*Task directions*. From the line containing "The Sanford Guide to HIV/AIDS Therapy" to the final line of the entries, copy each line exactly. Pictures stay out.
─── Information
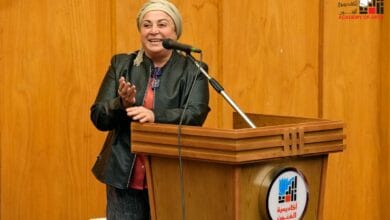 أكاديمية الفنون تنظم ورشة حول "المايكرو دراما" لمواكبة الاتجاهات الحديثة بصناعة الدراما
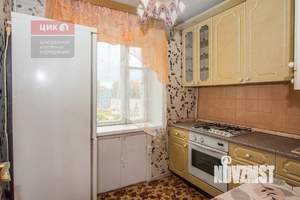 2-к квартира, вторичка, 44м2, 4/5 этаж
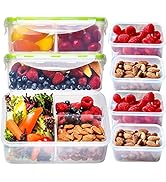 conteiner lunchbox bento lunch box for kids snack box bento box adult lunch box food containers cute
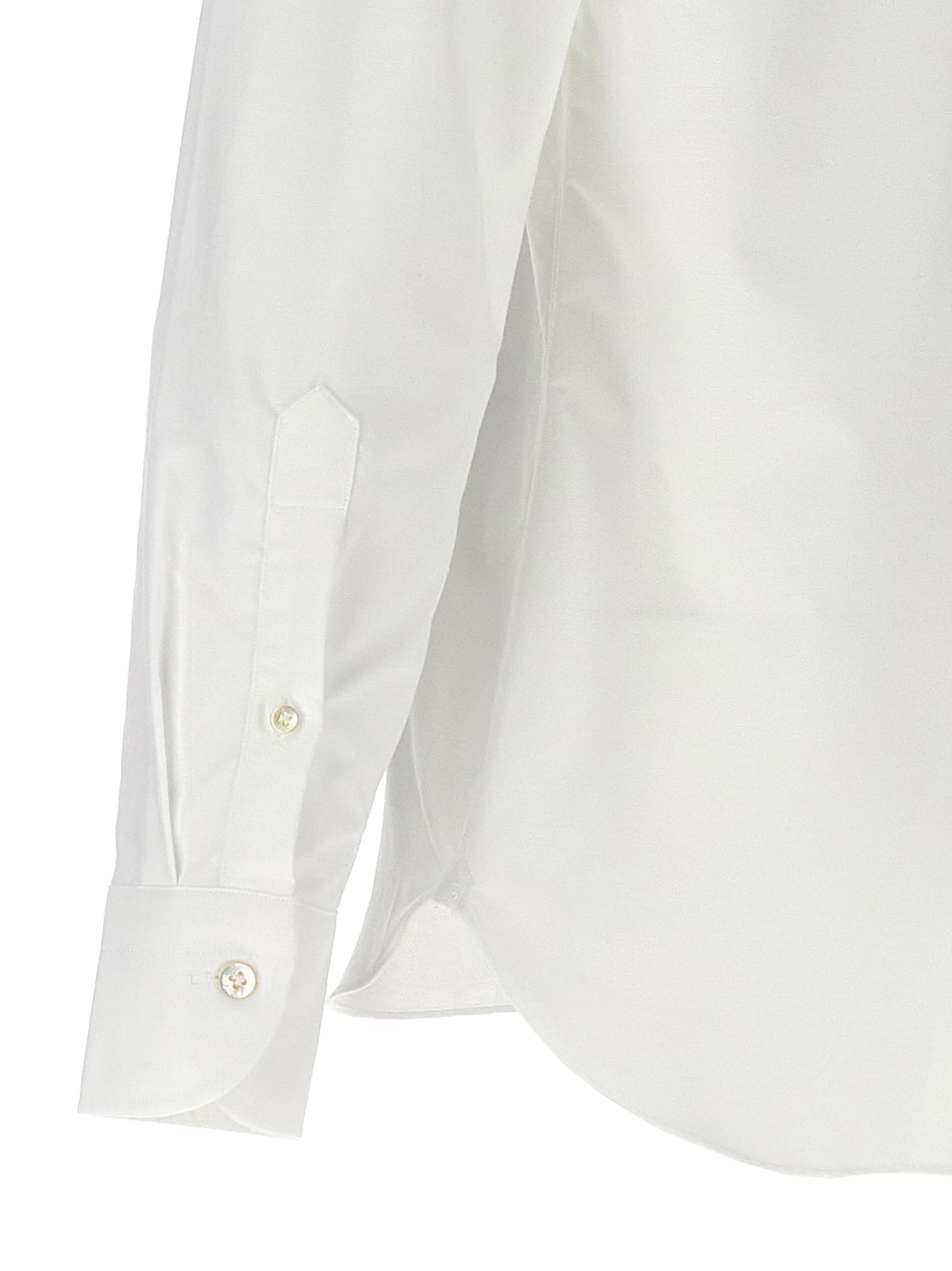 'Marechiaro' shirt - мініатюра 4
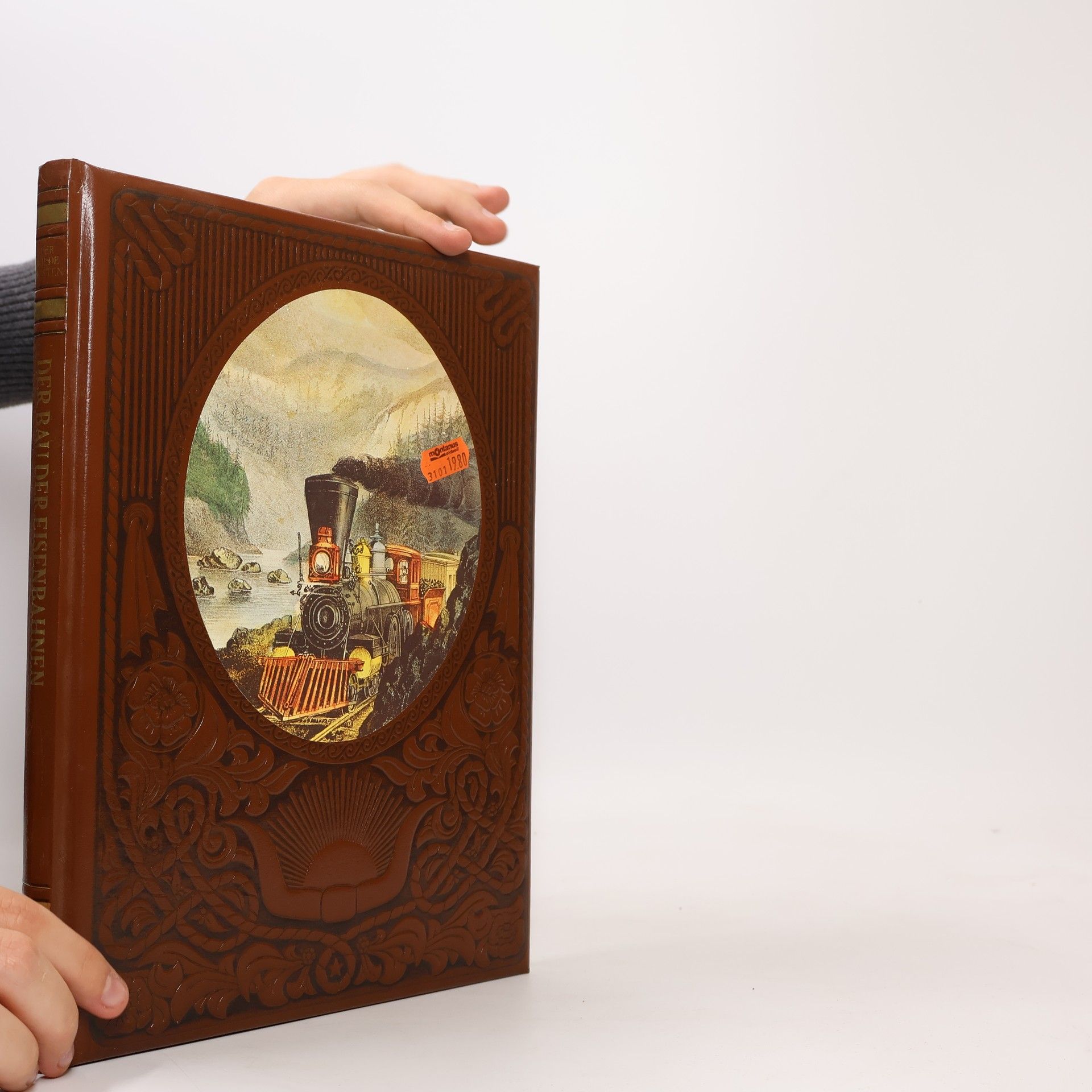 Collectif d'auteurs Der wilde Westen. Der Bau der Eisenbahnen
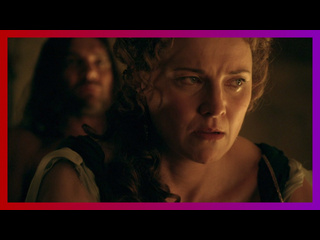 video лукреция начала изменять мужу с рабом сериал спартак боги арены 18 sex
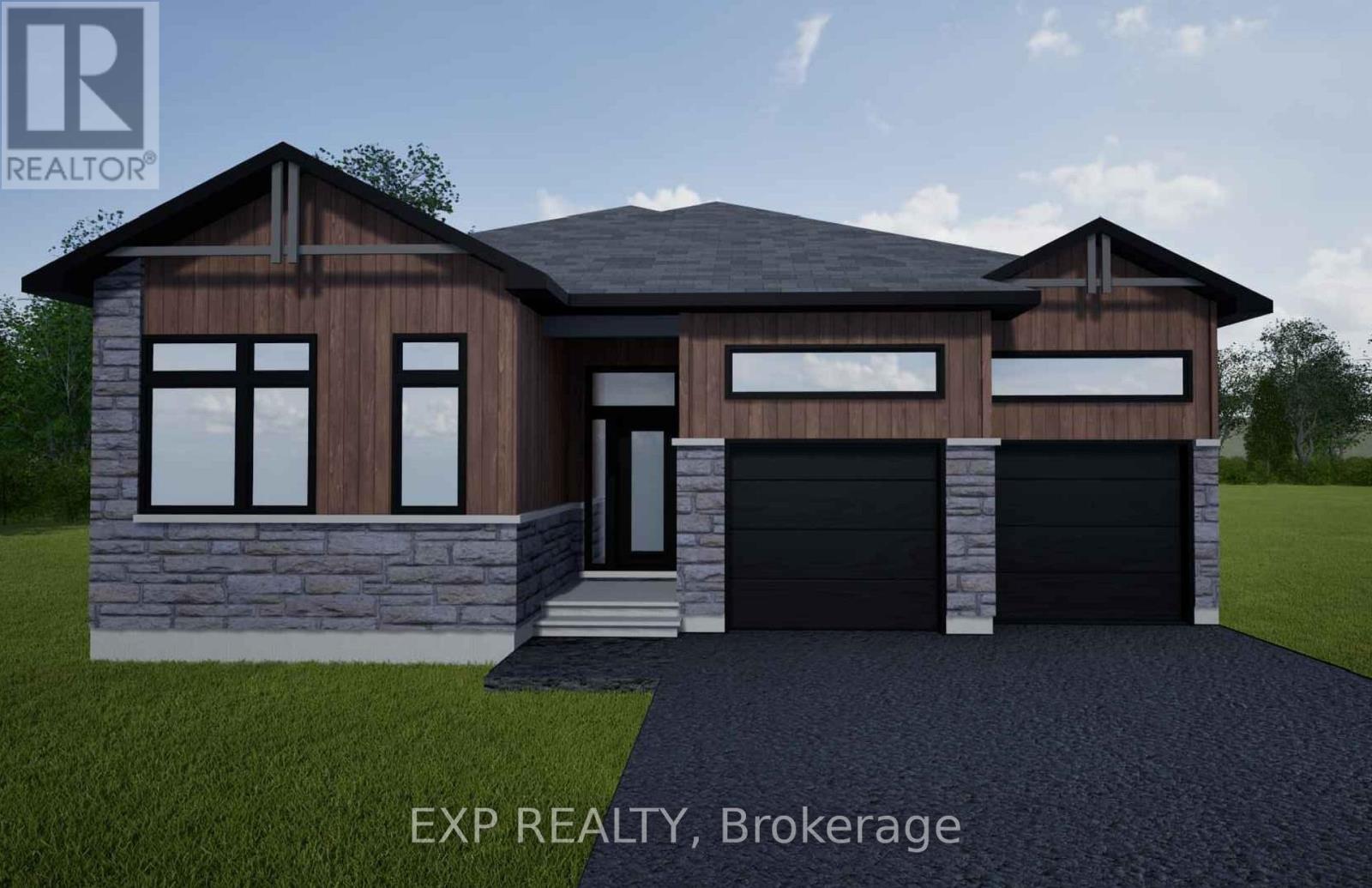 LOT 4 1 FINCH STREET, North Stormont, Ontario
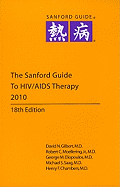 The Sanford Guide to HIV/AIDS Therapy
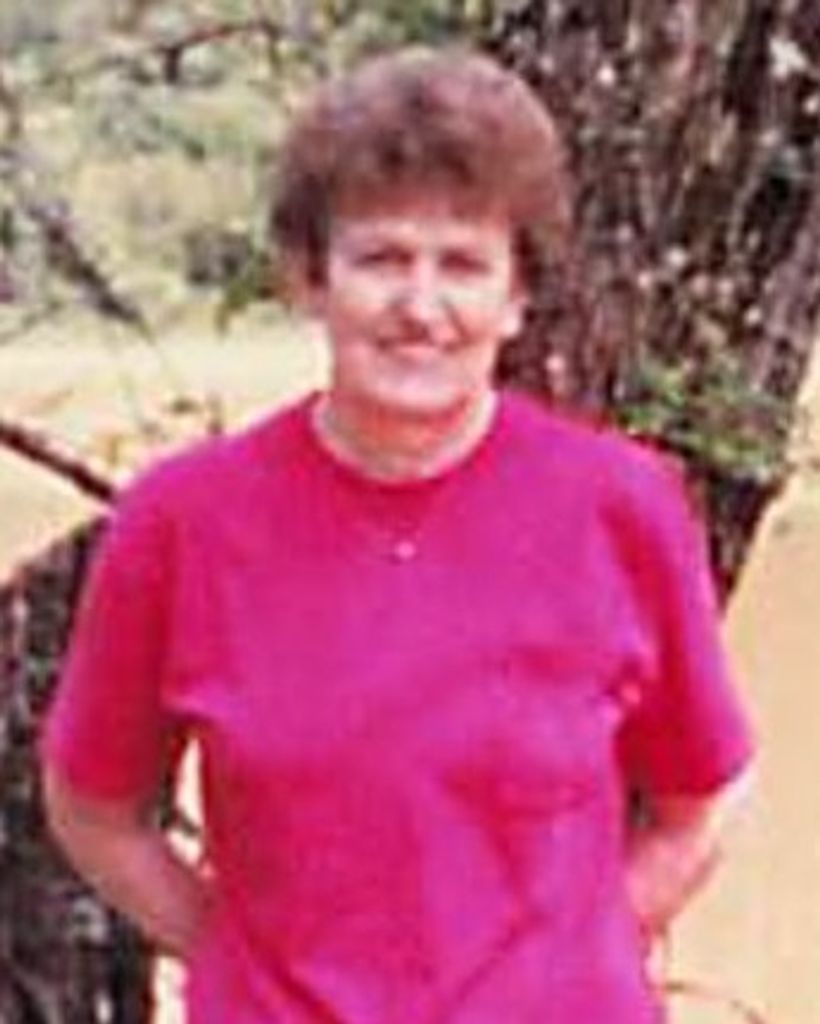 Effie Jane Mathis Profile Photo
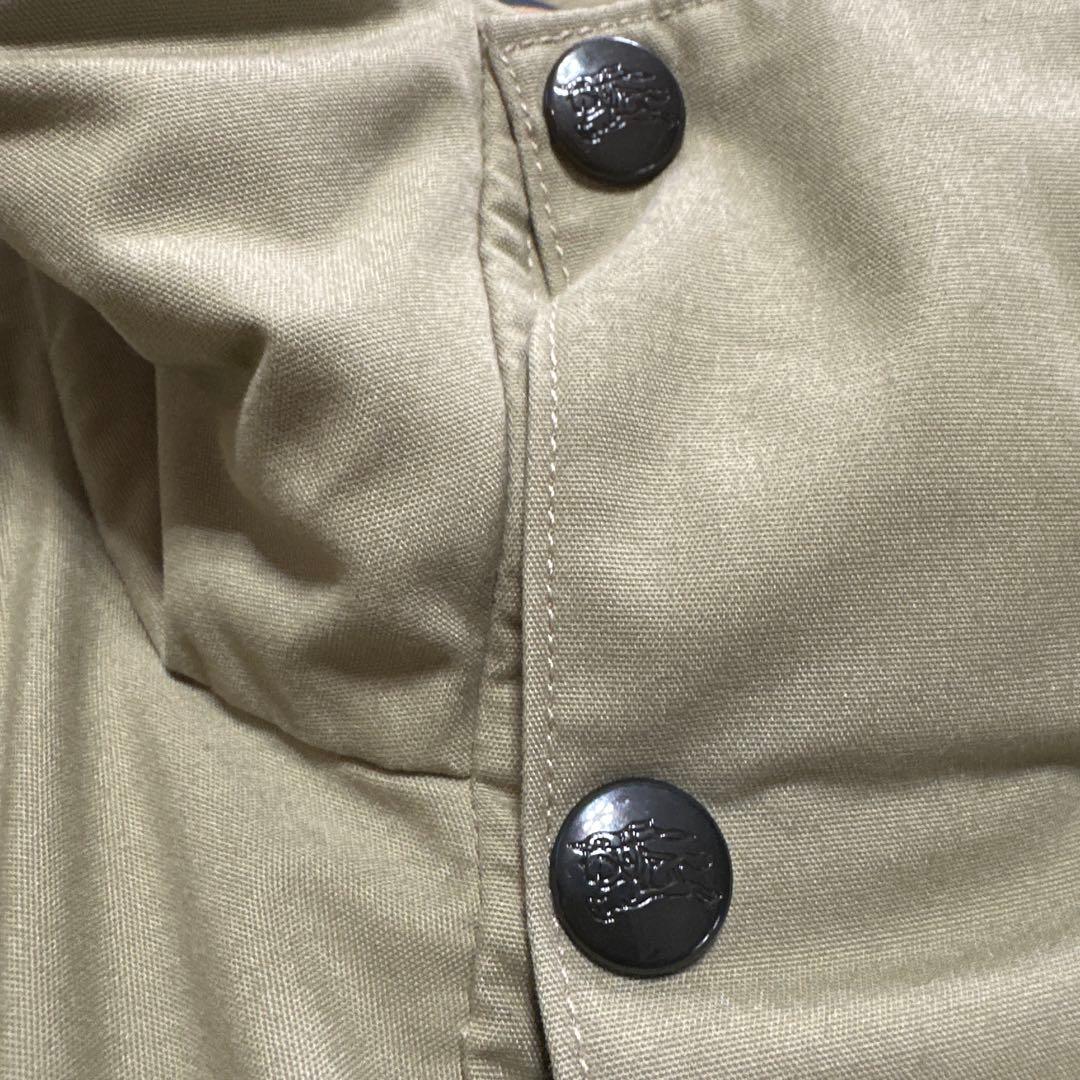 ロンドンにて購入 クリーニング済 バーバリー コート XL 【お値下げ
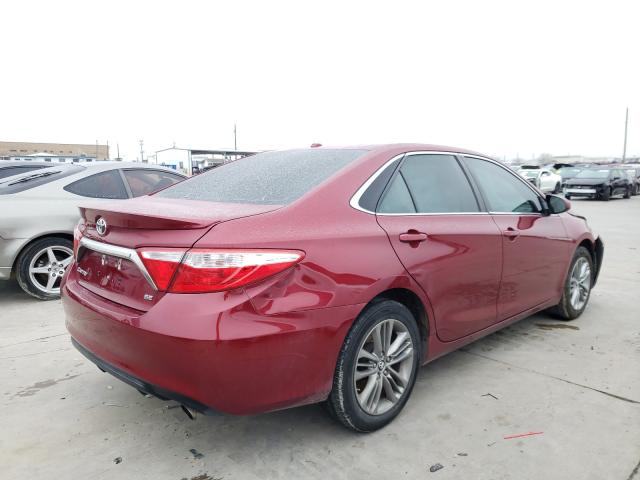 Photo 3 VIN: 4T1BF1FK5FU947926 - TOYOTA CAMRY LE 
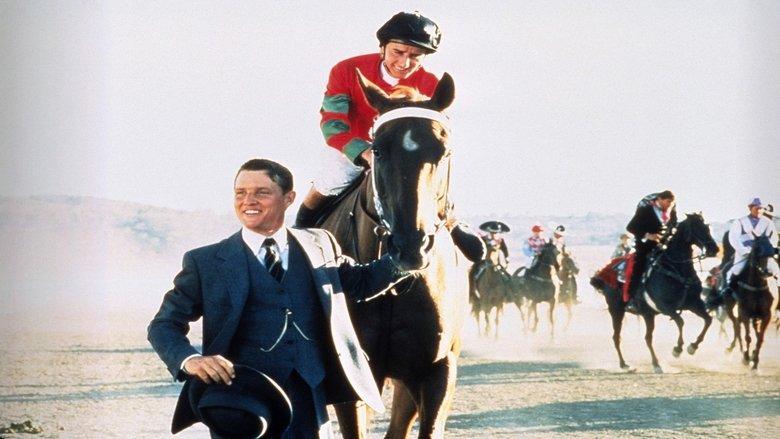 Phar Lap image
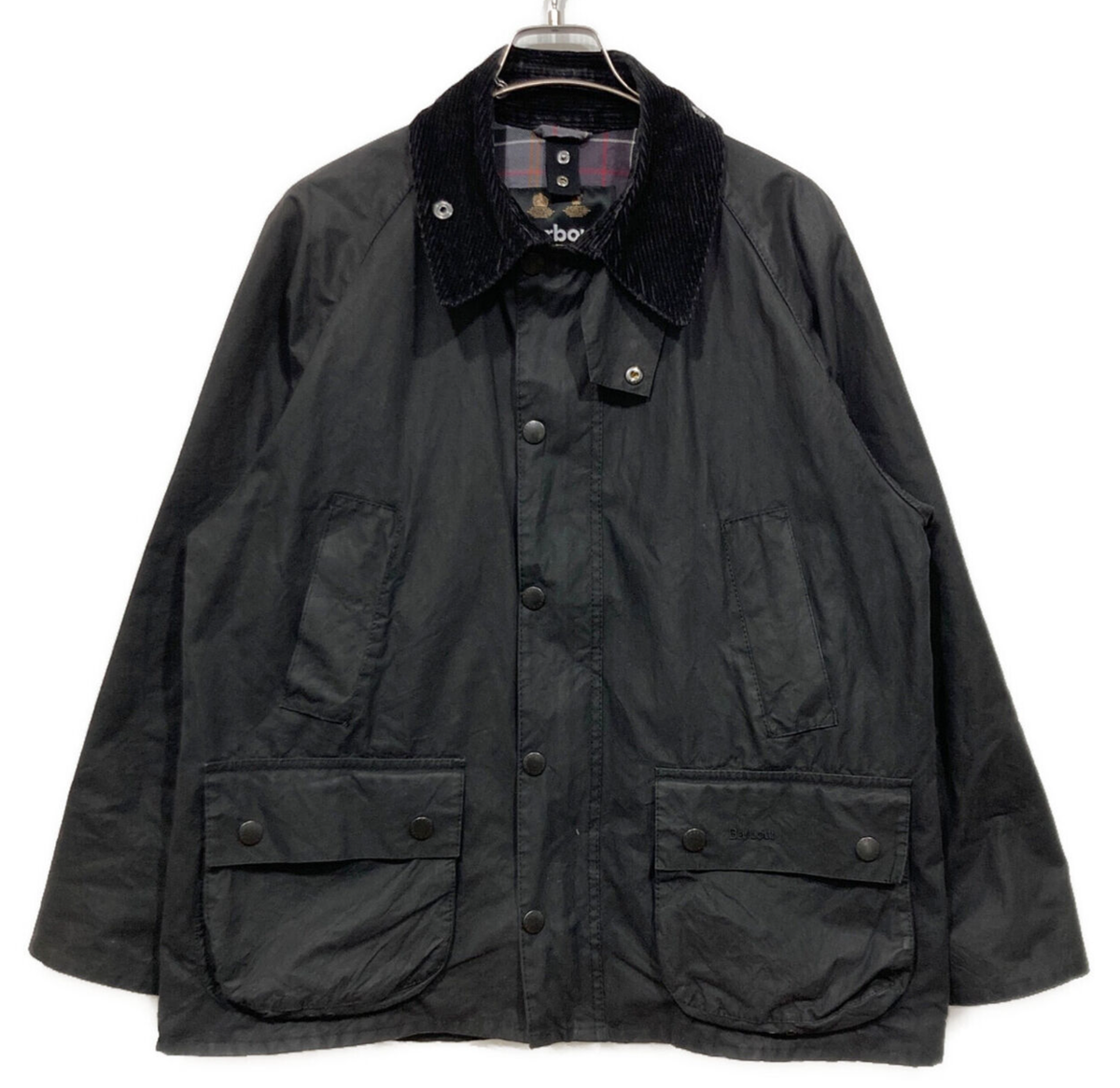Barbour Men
──────
*Written solution*.
 The Sanford Guide to HIV/AIDS Therapy
 Effie Jane Mathis Profile Photo
 ロンドンにて購入 クリーニング済 バーバリー コート XL 【お値下げ
 Photo 3 VIN: 4T1BF1FK5FU947926 - TOYOTA CAMRY LE 
 Phar Lap image
Barbour Men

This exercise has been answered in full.